Però la percezione attuale del fenomeno mafioso – secondo un ultimo sondaggio, realizzato nel trentennale dell’attentato – dimostra che per quattro italiani su dieci, la mentalità mafiosa sta diventando “di moda” tra i ragazzi

“Non voglio crederci, stento a crederci. Le nuove generazioni – come accennavo prima –  vogliono invece che la cancrena malavitosa sia definitivamente debellata. Io con i ragazzi ci parlo e non mi sembra che il fenomeno mafioso sia trainante così come invece emerge dal sondaggio, anzi. Ciò non esclude – purtroppo –  che c’è ancora tanto da fare per annientare del tutto anche quella sparuta minoranza che si rivolge alla delinquenza…”

E come si fa?

“Partendo dai fondamentali. Ci sono i presidi giudiziari a cui rivolgersi, se vittime di soprusi. E’ finito il tempo in cui si cercava l’amico dell’amico, il boss di quartiere per risolvere ogni problema. Anche il più insignificante. E anche quando si va a votare, la gente analizza e controlla a chi destinare il proprio consenso elettorale. Oramai è destinato all’oblio, il tempo in cui si andava a votare solo per ricevere favori. Il classico voto condizionato dai poteri forti. L’equazione “tu mi voti io ti favorisco” sarà definitivamente cancellata. Almeno questa è la mia sensazione”

La mafia non spara più: ha scelto il silenzio e serpeggia ovunque, purtroppo

“Anche questo fenomeno sarà spazzato via. Ci vorrà del tempo ma come diceva sempre Falcone, la mafia non è affatto invincibile; è un fatto umano e come tutti i fatti umani ha un inizio e avrà anche una fine!”

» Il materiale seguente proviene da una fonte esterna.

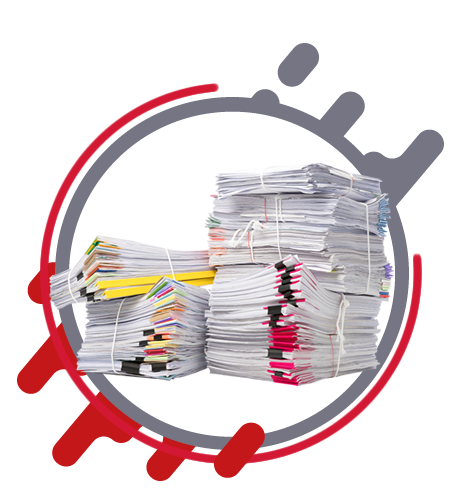 Donaciones Revistas en Lima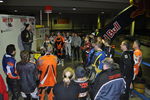 Supermototraining 2010/11 Karthalle Steyr 9175355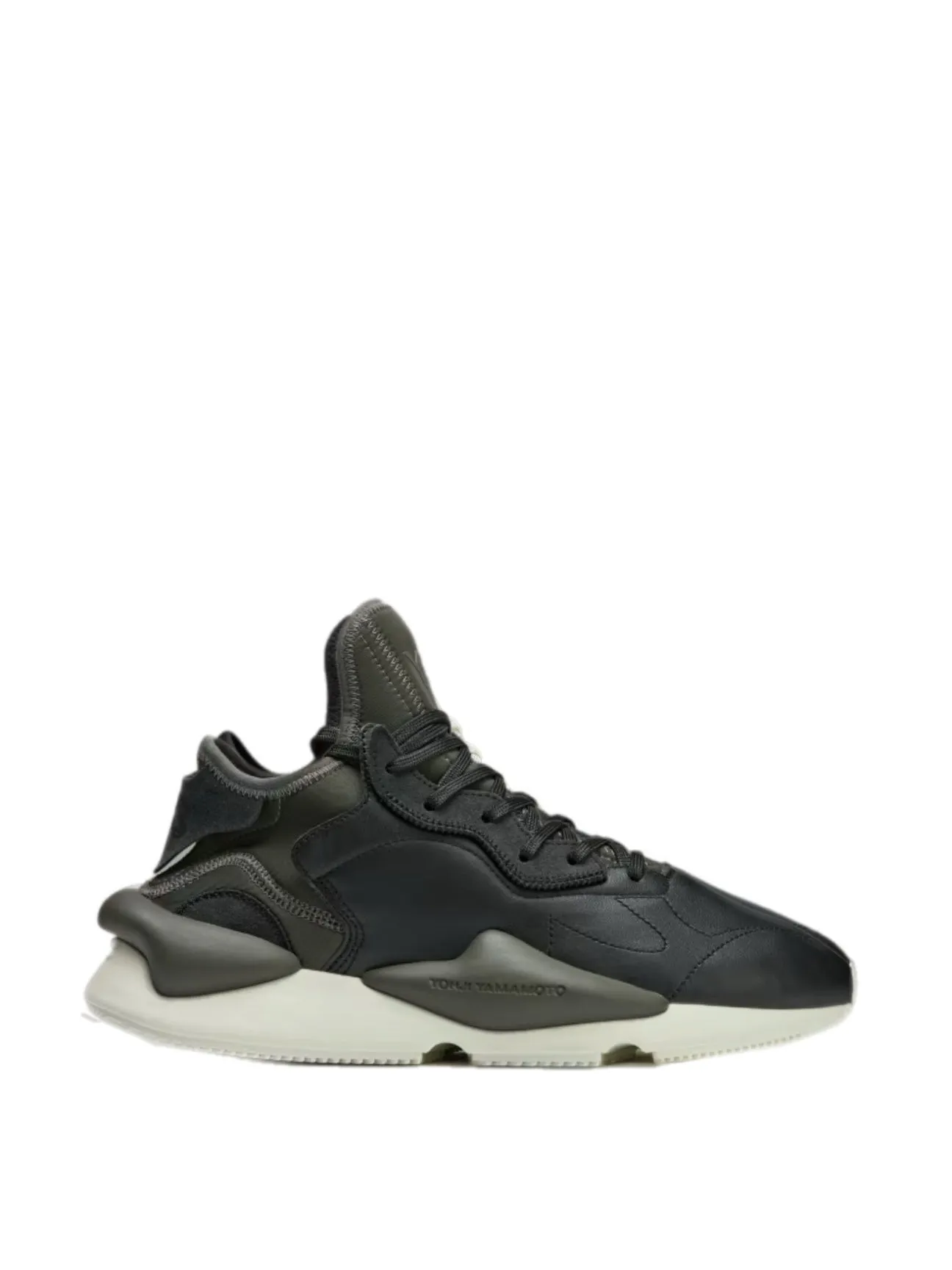 Adidas Y-3 Kaiwa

La celebre frase di Falcone continuava e recitava testualmente che “piuttosto bisogna rendersi conto che è un fenomeno terribilmente serio e molto grave e che si può vincere non pretendendo l’eroismo da inermi cittadini ma impegnando in questa battaglia tutte le forze migliori delle istituzioni”. Costanza, vado spedito: le istituzioni sono state al fianco del giudice antimafia?

“Assolutamente no. In tribunale, a Palermo, in quegli anni non c’era nessun barlume di amicizia e sostegno nei confronti di Falcone ma solo invidia. Pensi che qualcuno che frequentava il palazzo di giustizia, andava dicendo in giro che il fallito attentato all’Addaura del 21 giugno del 1989 se l’era commissionato lo stesso giudice. Farneticazioni che tutt’ora mi lasciano molta amarezza”

Un eroe, un uomo che col suo impegno è andato ben oltre il dovere di giudice e servitore dello Stato. Per il 71% degli italiani, Giovanni Falcone è stato abbandonato dalla politica e per il 75% dalla magistratura.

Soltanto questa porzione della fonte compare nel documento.